I kept reading Trease; The Crown of Violet, set in Athens, the first democracy; Follow My Black Plume about Garibaldi's nineteenth-century uprising in Italy; Thunder of Valmy, a novel that showed all the idealism and joy that fuelled the beginning of the French Revolution. And Comrades for the Charter, which portrays the Chartist movement, not in terms of 'what a pity they were undisciplined and turned to violence', but as a movement that turned to violence reluctantly, only because the authorities wouldn't grant to the visionary Chartists liberties that we now take for granted. Liberties that they shed their blood for.
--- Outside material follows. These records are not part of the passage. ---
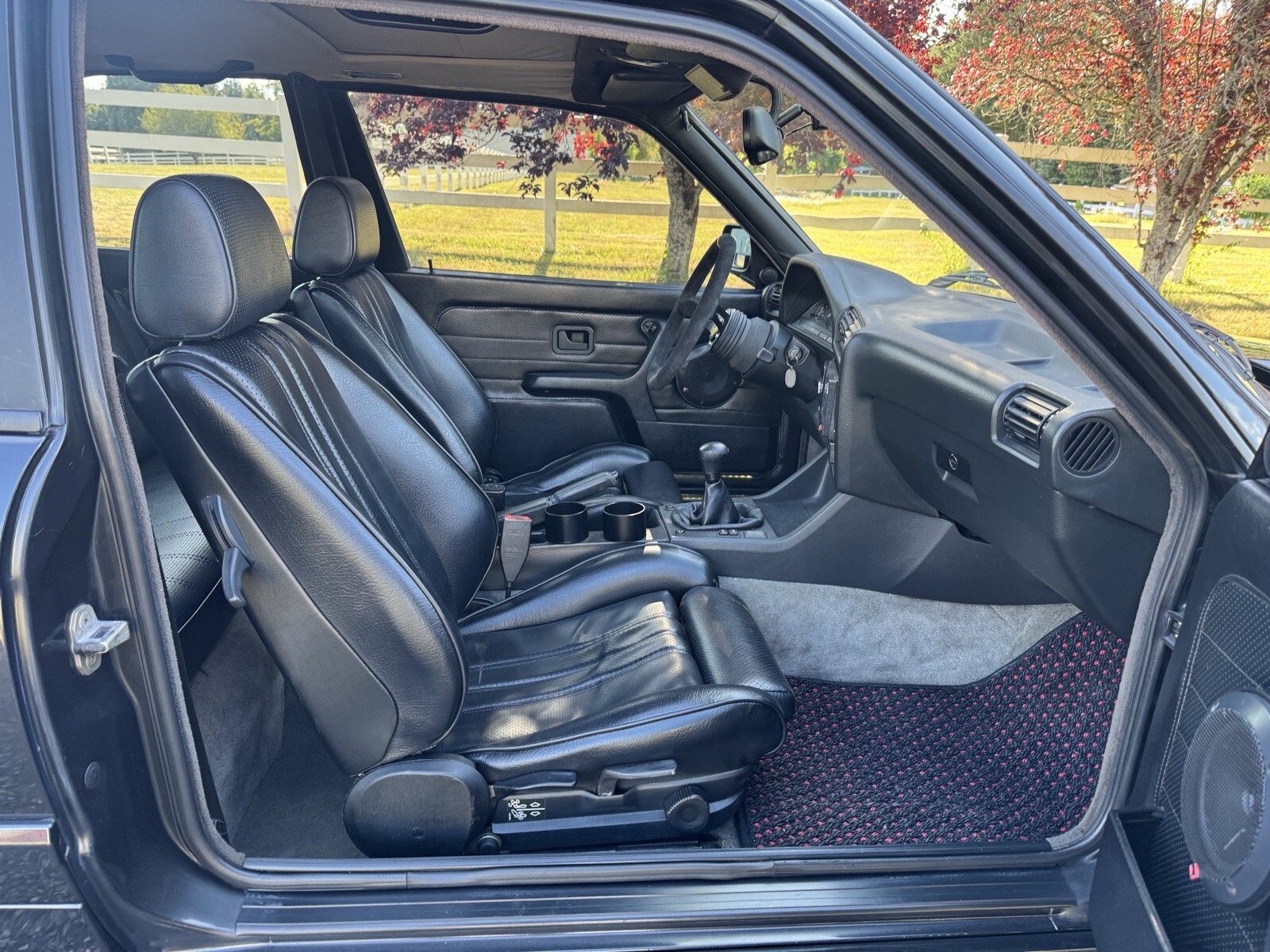 1991 BMW 3 Series 318IS - photo 11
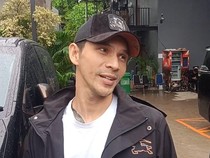 Jonathan Frizzy Bentuk Badan demi Penampilan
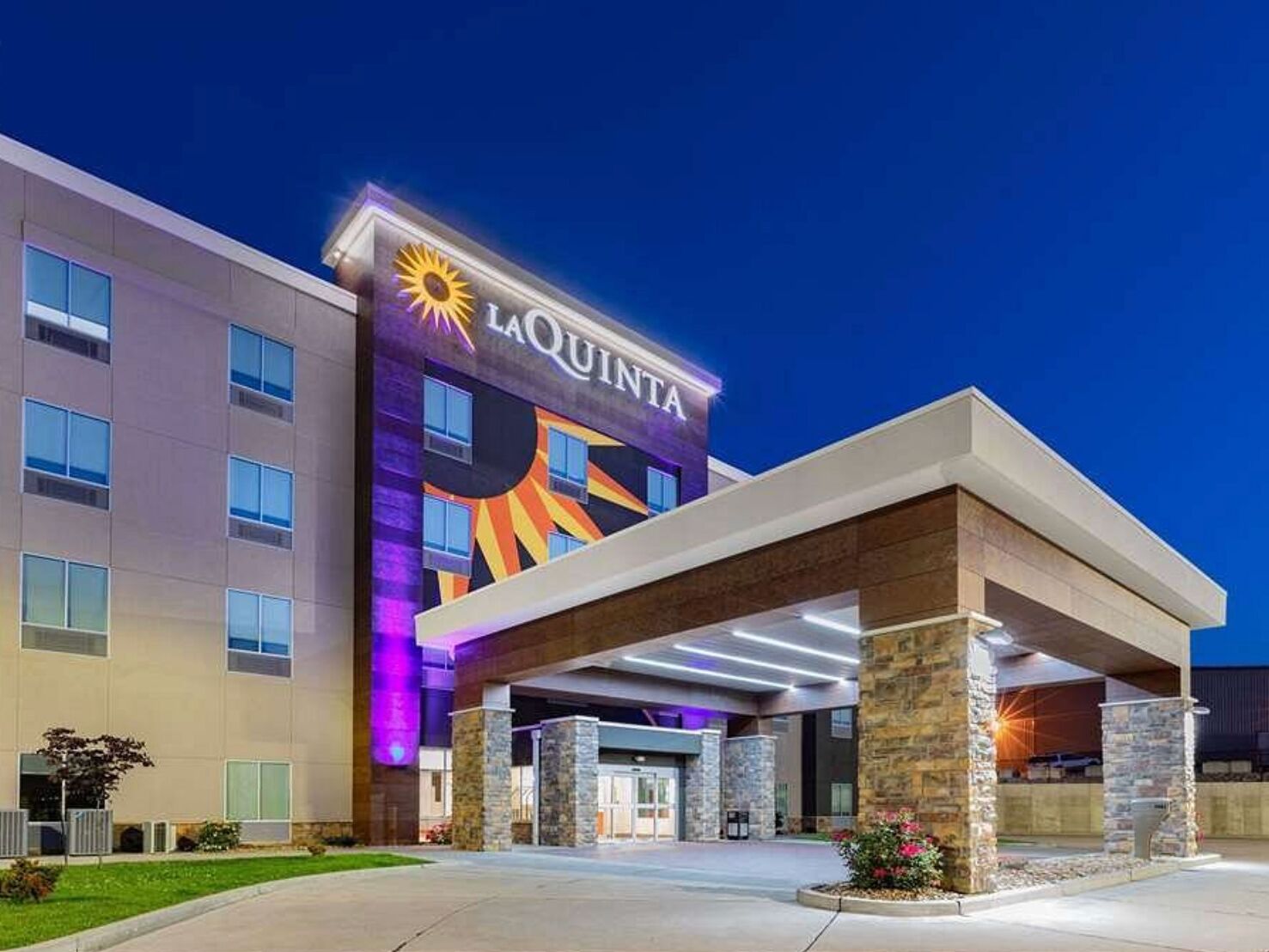 Picture of La Quinta Inn & Suites by Wyndham Jackson/Cape Girardeau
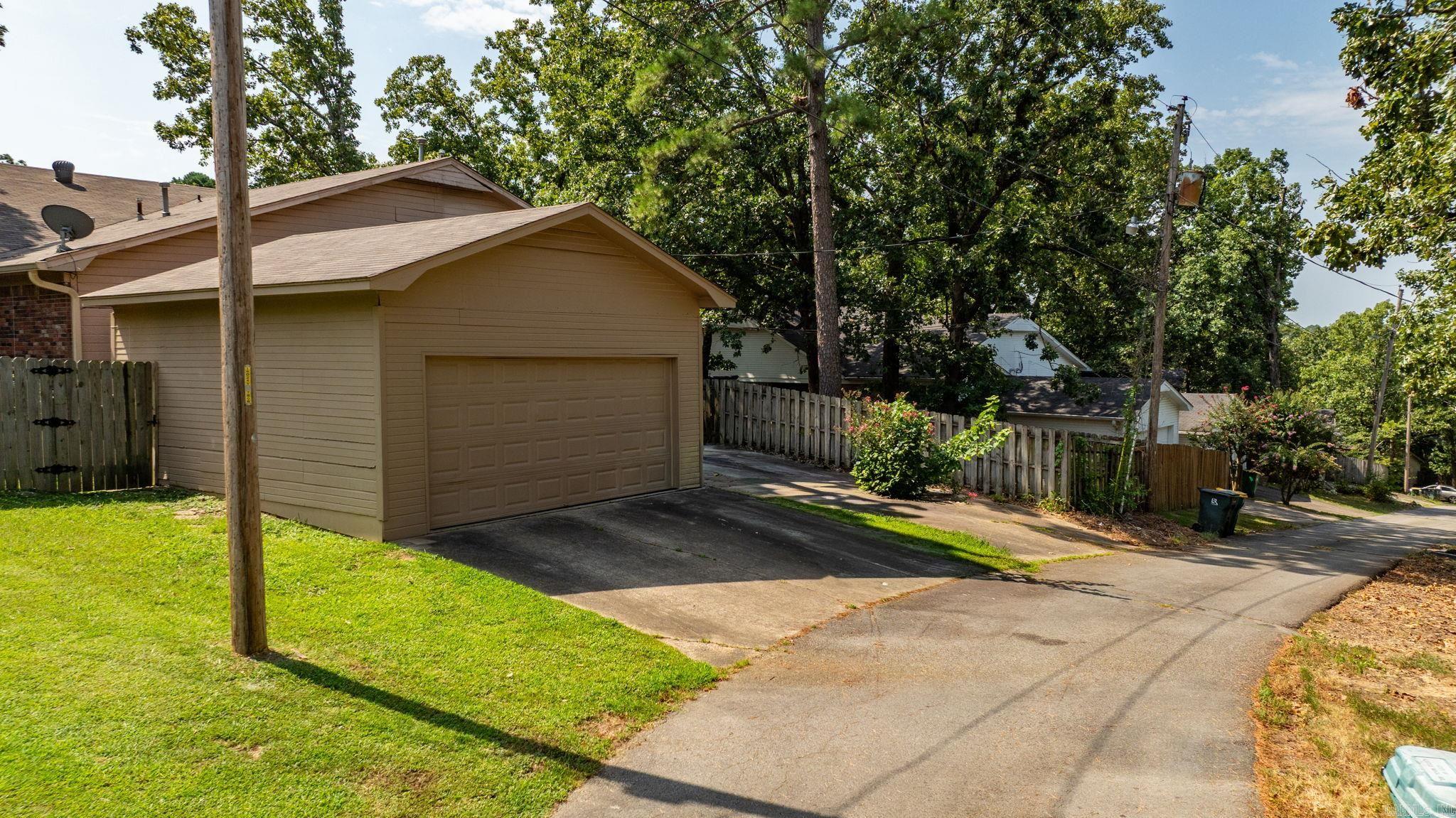 30 Woodlore Circle Property Photo 43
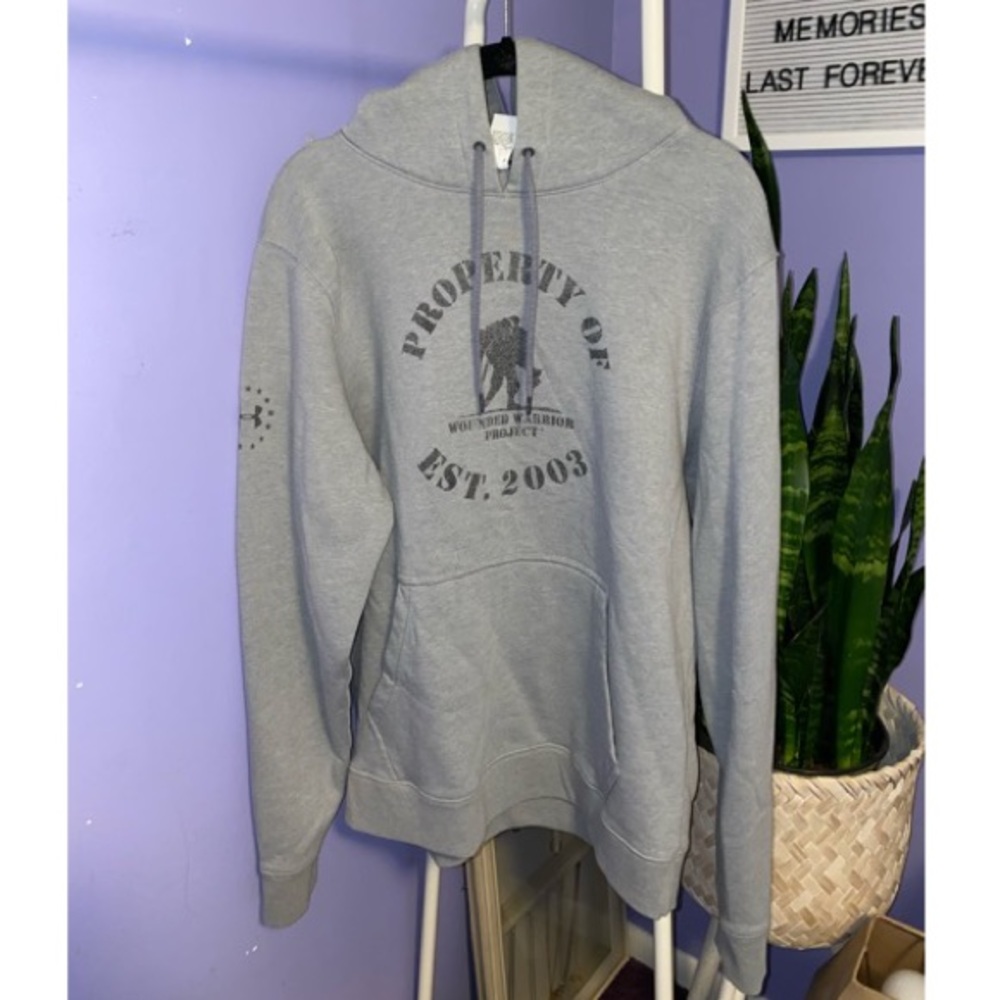 Men’s sweatshirt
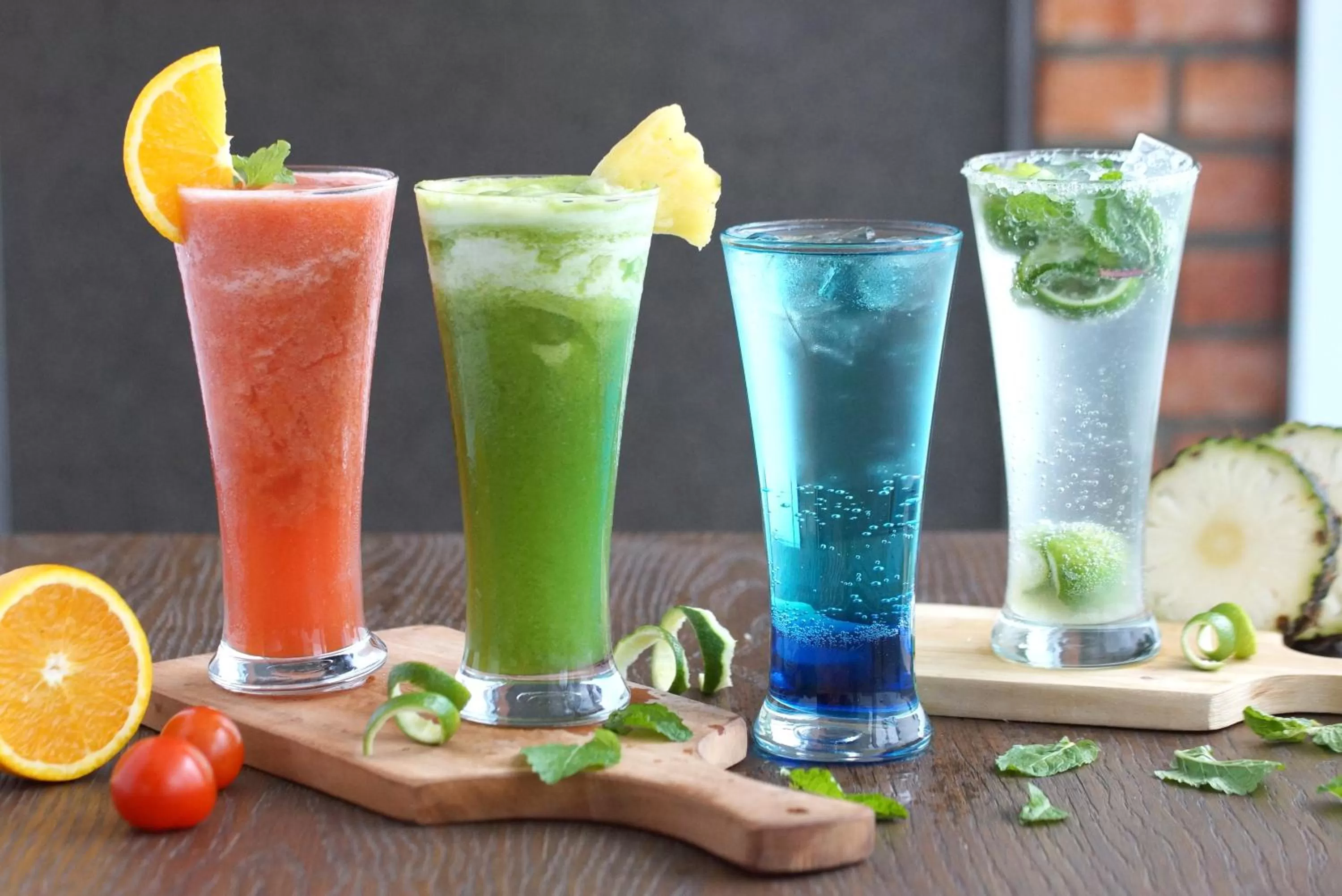 Restaurant/places to eat in Ayaka Suites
Trease had great heroines, too, who took risks, had adventures along with the boys, who had aspirations, not just to be the cleaners-up and admirers of heroes, but to achieve something themselves. The 'feisty' heroine is right there in Trease's novels, up to date and capable. Girls who had better things in mind than being WAGS - or marrying a Prince and entering on a life of expensive and boring public duties.
And yes, I am writing this blog, on this subject, because of the expensive wedding that's happening tomorrow. Because, like Geoffrey Trease, I don't define patriotism as slavish admiration of a particular group of people, of a monarch who rules by the accident of birth, in a patriarchal system of succession that actually contravenes the law of the land - and whose family can engage in all kinds of skulduggery and get away with it because Parliament isn't, for some reason, allowed to criticise them.
But I can also see, as I write, how much Trease has set his mark on my own writing; like him, I like to portray the lives of 'ordinary' people who're caught up in history and have to act, even if, like Jack Norwood, they really only want to get on with their lives. So thank you, Geoffrey Trease, for those stories. And for the example!!